**WORK ORDER**: Below are entries with pictures among them; reproduce exactly, and only, the lines from the one containing "TUSC2 Polyclonal Antibody (E-AB-17174)" down to the one containing "Fig. 05 - Agent", without the pictures.

───── TASK MATERIAL ─────

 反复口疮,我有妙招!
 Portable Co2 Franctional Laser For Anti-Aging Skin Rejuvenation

─────
───── TASK MATERIAL ─────

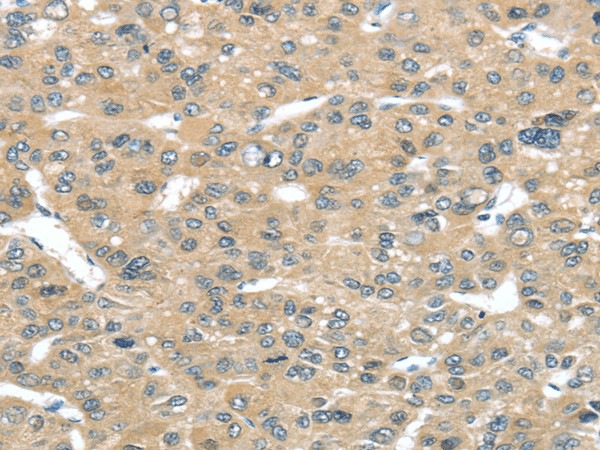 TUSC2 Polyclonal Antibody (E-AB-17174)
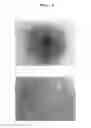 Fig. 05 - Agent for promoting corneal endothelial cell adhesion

─────

**SOLUTION FOR THIS PROBLEM**:
 TUSC2 Polyclonal Antibody (E-AB-17174)
 Fig. 05 - Agent for promoting corneal endothelial cell adhesion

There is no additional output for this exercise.